REQUIRED WORK: Beginning with the line below that contains "Map showing the" and ending with the line that contains "Fuchs Wildtier Poster - Wildtiere in Europa", retype every line exactly. Pictures are not copied.

PROVIDED DATA:
☆ ☆ ☆ ☆ ☆ ☆ ☆

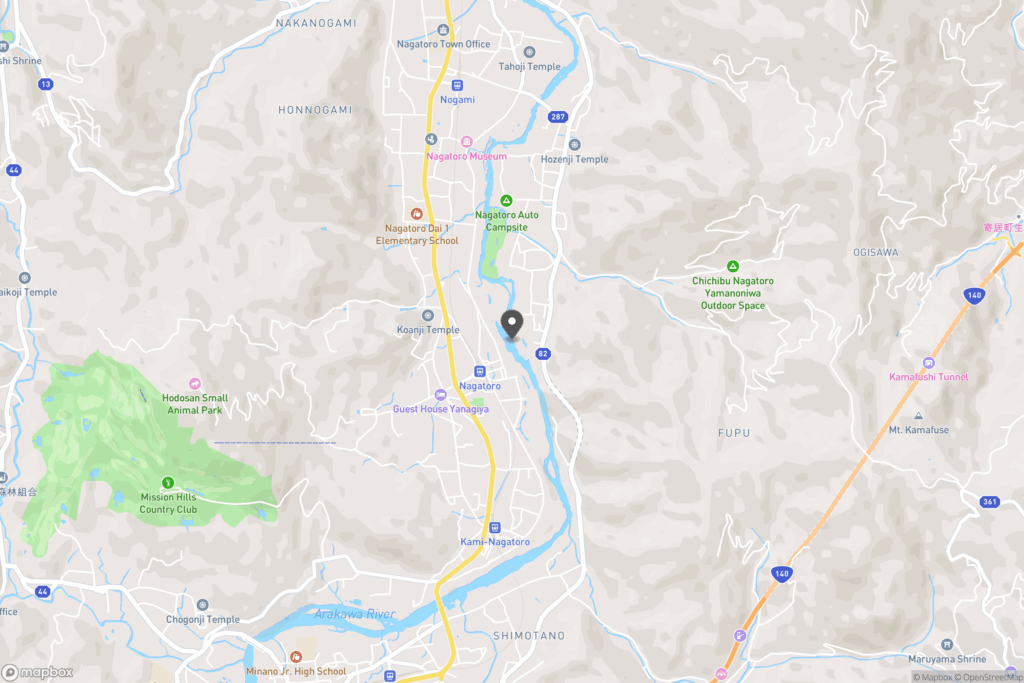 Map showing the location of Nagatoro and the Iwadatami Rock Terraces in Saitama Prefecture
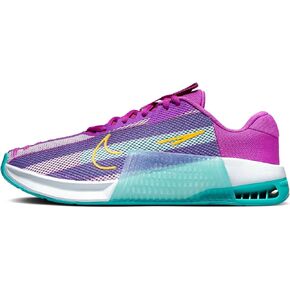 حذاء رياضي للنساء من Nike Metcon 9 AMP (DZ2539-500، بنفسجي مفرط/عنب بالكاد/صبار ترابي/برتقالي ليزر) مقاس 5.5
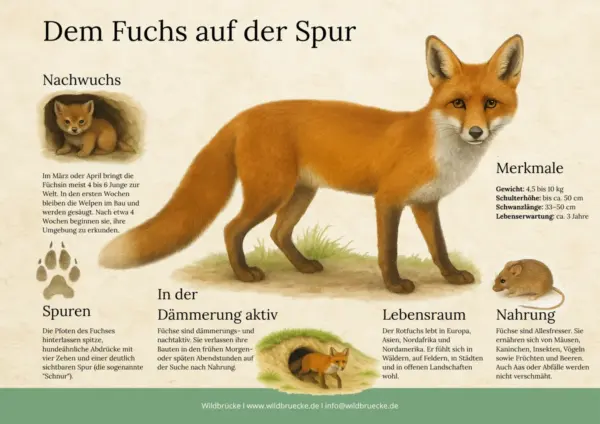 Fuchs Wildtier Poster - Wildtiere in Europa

☆ ☆ ☆ ☆ ☆ ☆ ☆

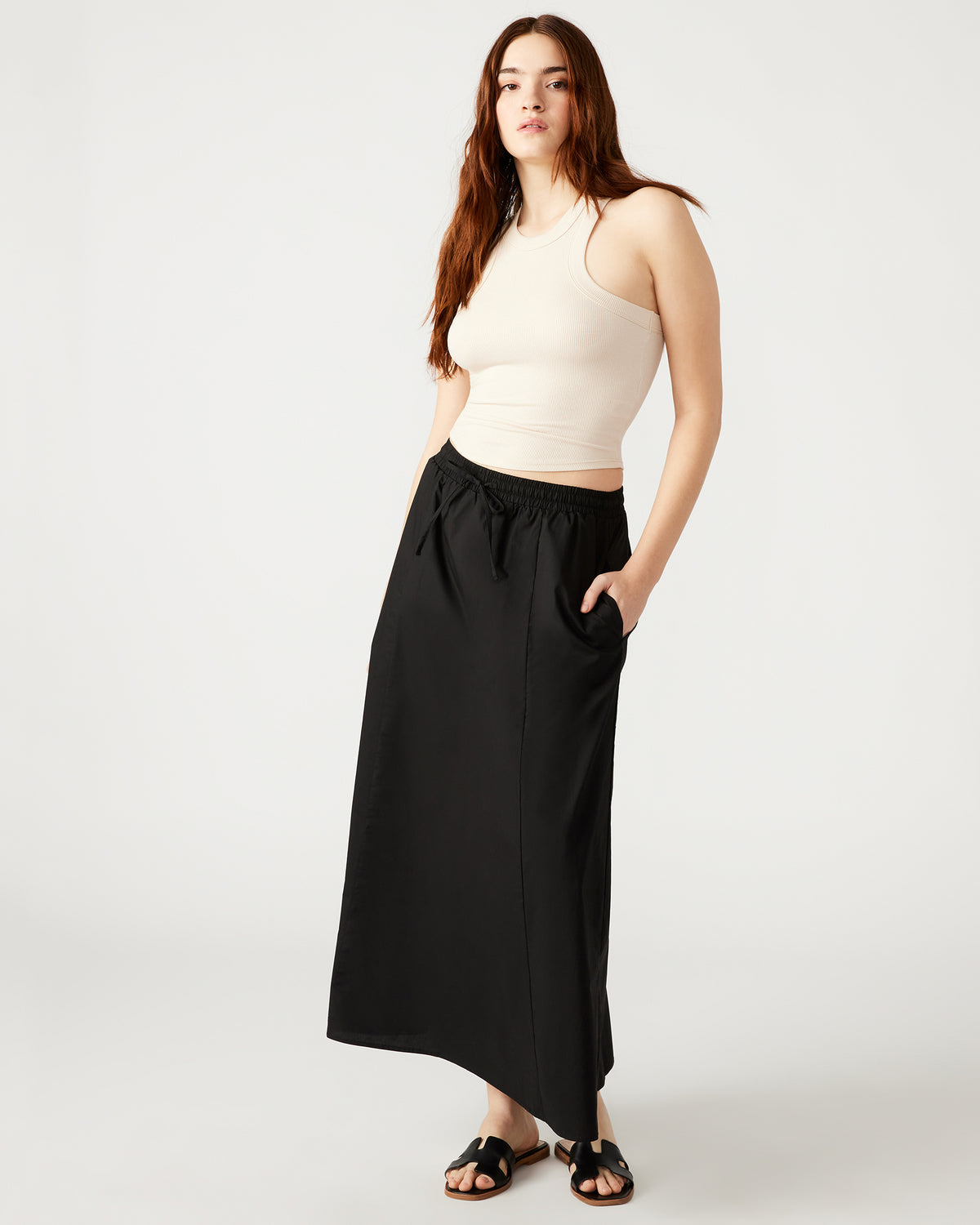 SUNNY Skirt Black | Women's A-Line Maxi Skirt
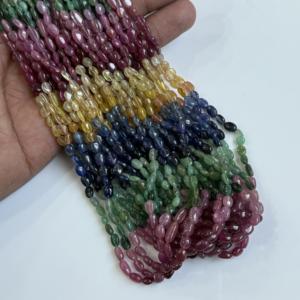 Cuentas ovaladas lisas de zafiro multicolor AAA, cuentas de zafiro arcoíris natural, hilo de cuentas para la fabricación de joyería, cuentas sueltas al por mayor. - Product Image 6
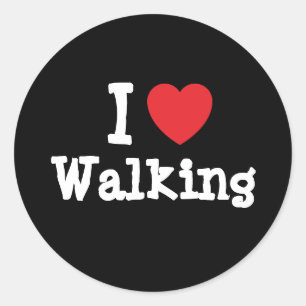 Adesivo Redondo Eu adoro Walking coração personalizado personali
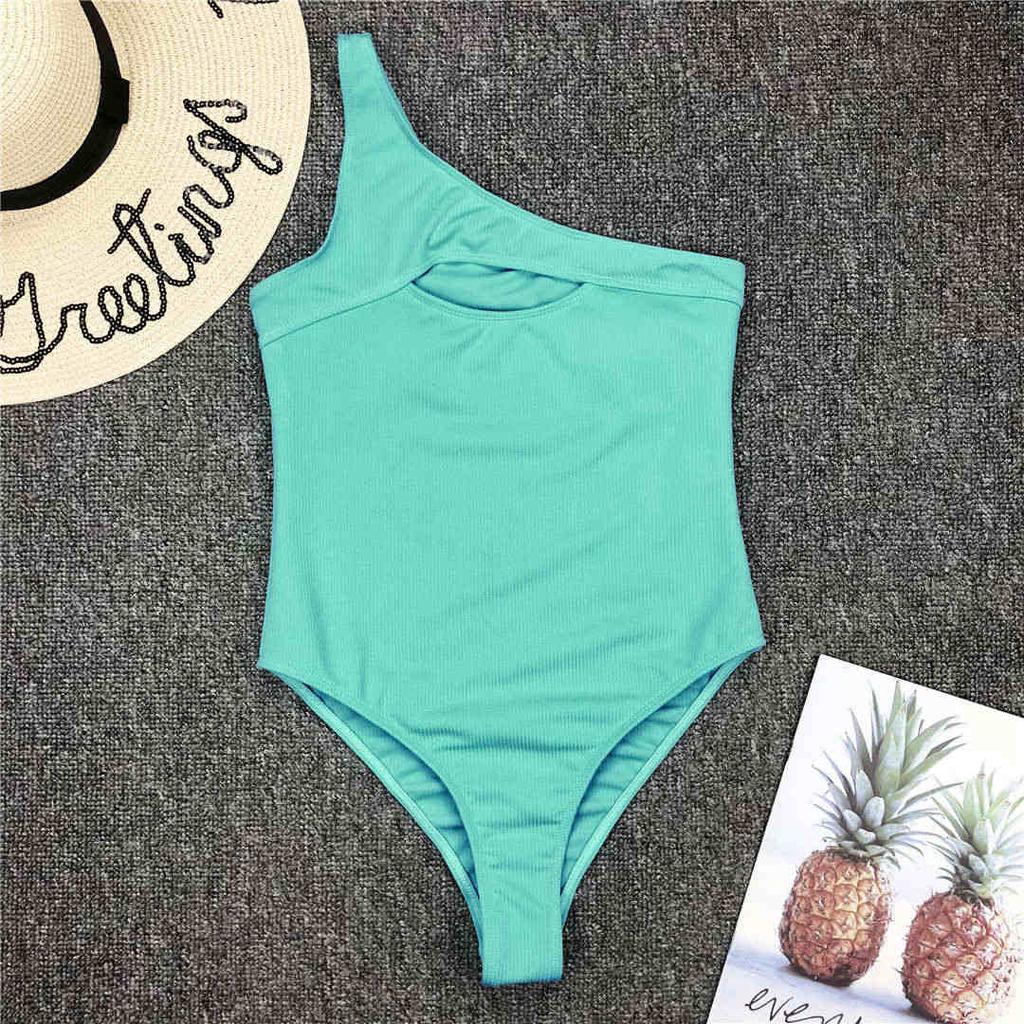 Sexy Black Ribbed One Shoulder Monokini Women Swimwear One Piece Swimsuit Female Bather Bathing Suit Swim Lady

☆ ☆ ☆ ☆ ☆ ☆ ☆

RESPONSE BOX:
 Map showing the location of Nagatoro and the Iwadatami Rock Terraces in Saitama Prefecture
 حذاء رياضي للنساء من Nike Metcon 9 AMP (DZ2539-500، بنفسجي مفرط/عنب بالكاد/صبار ترابي/برتقالي ليزر) مقاس 5.5
 Fuchs Wildtier Poster - Wildtiere in Europa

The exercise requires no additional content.